Personal information
- Full name: Anna Kristīne Gornela
- Birth name: Anna Gornell
- Date of birth: 9 September 1997 (age 28)
- Place of birth: Omaha, Nebraska, United States
- Height: 1.68 m (5 ft 6 in)
- Position: Midfielder

Team information
- Current team: Waterford

College career
- Years: Team / Apps / (Gls)
- 2016–2019: Oral Roberts Golden Eagles / 71 / (1)

Senior career*
- Years: Team / Apps / (Gls)
- 2021: Sundsvalls DFF / 11 / (0)
- 2021–2022: FC Dornbirn
- 2022–2023: PAOK / 15 / (0)
- 2023: Mura / 9 / (2)
- 2024–2025: Riga FC
- 2026–: Waterford / 5 / (0)

International career^{‡}
- 2021–: Latvia / 27 / (0)

= Anna Kristīne Gornela =

Footballer (born 1997)

Anna Kristīne Gornela (born Anna Gornell, 9 September 1997) is a footballer who plays as a midfielder for Waterford in Ireland.
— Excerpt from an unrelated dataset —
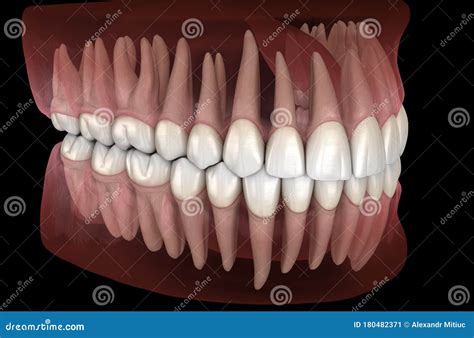 Morphology of Mandibular and Maxillary Human Gum and Teeth. Medically ...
Born in the United States, she plays for the Latvia national team.

== Club career ==
In the 2022/23 season Gornela won the Panelinio Protathlima trophy with PAOK, the Pan-Hellenic Women's Football Championship. This is also Women's Alpha Ethniki is the highest professional women's football league in Greece. Gornela helped PAOK place second in the UEFA Women's Champions League qualify stage.

In the 2023 season Gornela playing for ŽNK Mura, she contributed to the Slovenian league title and the Zenska Liga trophy with ŽNK Mura Gornela helped ŽNK Mura place third in the UEFA Women's Champions League qualify stage.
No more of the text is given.